Coming shortly before Dr Kelly's funeral on Wednesday, the description of one of Britain's most respected weapons experts as a fantasist is certain to spark fury among friends and former colleagues.

But, in what appears to be a change of tactics by the Government, a senior Whitehall source told The Independent that Dr Kelly had misled the Ministry of Defence and the BBC journalist Andrew Gilligan over claims that a dossier used to justify war against Saddam Hussein had been "sexed up".

According to the insider, Dr Kelly told Mr Gilligan more than he knew and then failed to tell his employers the whole truth of his contacts with journalists. "This guy was a Walter Mitty," he said.

Once his name became public and he was questioned by MPs over the affair, Dr Kelly became worried about his statements to the BBC, the insider said.

A reason for his suicide was the decision by the Foreign Affairs Select Committee to recall Mr Gilligan to comment on his own evidence, the source added. Dr Kelly went missing at about the time the journalist gave evidence. His body was found a day later near his Oxfordshire home.

The Downing Street version of events is sure to be seized on by the BBC as an admission that Dr Kelly had indeed given Mr Gilligan good reason to make his claims about "sexing up" intelligence.

But the scientist's family and friends are sure to be appalled at the Walter Mitty description of a man who was nominated for the Nobel prize and who was about to join the US-led Iraq survey group's hunt for weapons in Baghdad.

MoD sources have also revealed that Dr Kelly was being investigated for his contacts with journalists long before the dispute over Mr Gilligan's broadcast began. Downing Street will also seek to persuade the Hutton inquiry, which begins its formal hearings next week, that it and the MoD had been forced to publicise Dr Kelly's name by a parliamentary committee.

With Tony Blair, Geoff Hoon, the Defence Secretary, and Alastair Campbell, Downing Street's director of communications, all due to give evidence, the stakes could not be higher for the Government. But a main plank of its defence will be that the Intelligence and Security Cabinet Committee (ISC), which is holding its own inquiry into the intelligence case on Iraq, left it with no option but to confirm Dr Kelly's identity.

Sir Kevin Tebbit, the permanent secretary at the MoD, and Sir David Omand, No 10's head of intelligence and security, approached the committee's chairwoman, Ann Taylor, on 8 July to suggest she might want to call Dr Kelly as a witness.

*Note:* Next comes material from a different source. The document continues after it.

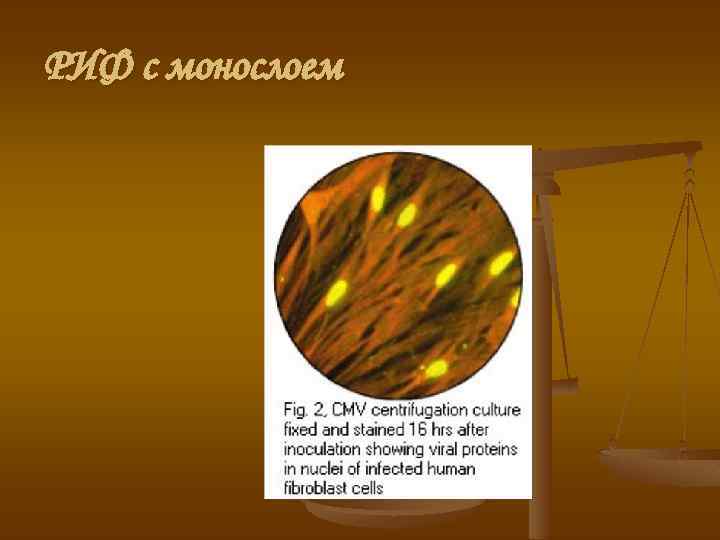 РИФ с монослоем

But Ms Taylor is understood to have told them that while the committee would be willing to question the scientist, it could not act "blind". The MoD would first have to issue a public statement that an unnamed official had approached his line manager and was claiming to be the potential source for Mr Gilligan's report. The committee was worried that it might be accused of a cover-up if Dr Kelly's approach was to be made public late.

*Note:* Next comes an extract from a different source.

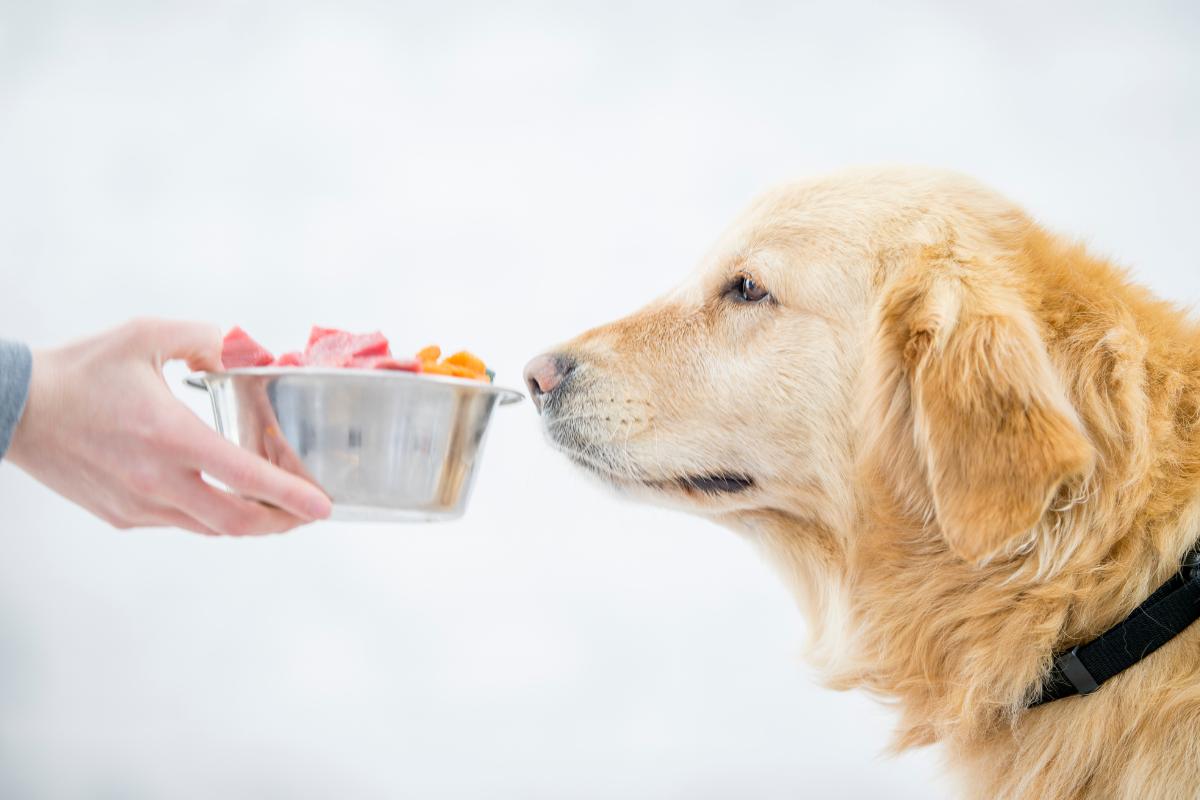 Suplementos naturales para perros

After the ISC's response, Mr Hoon and Sir Kevin decided on the infamous "confirmation strategy", in which the MoD would issue a statement saying that an employee had come forward and given clues to Dr Kelly's identity. By the next day, it had confirmed his name to journalists.

Since Downing Street also issued its own clues about the identity of the official, a crucial part of Lord Hutton's inquiry will be to discover exactly who authorised such statements.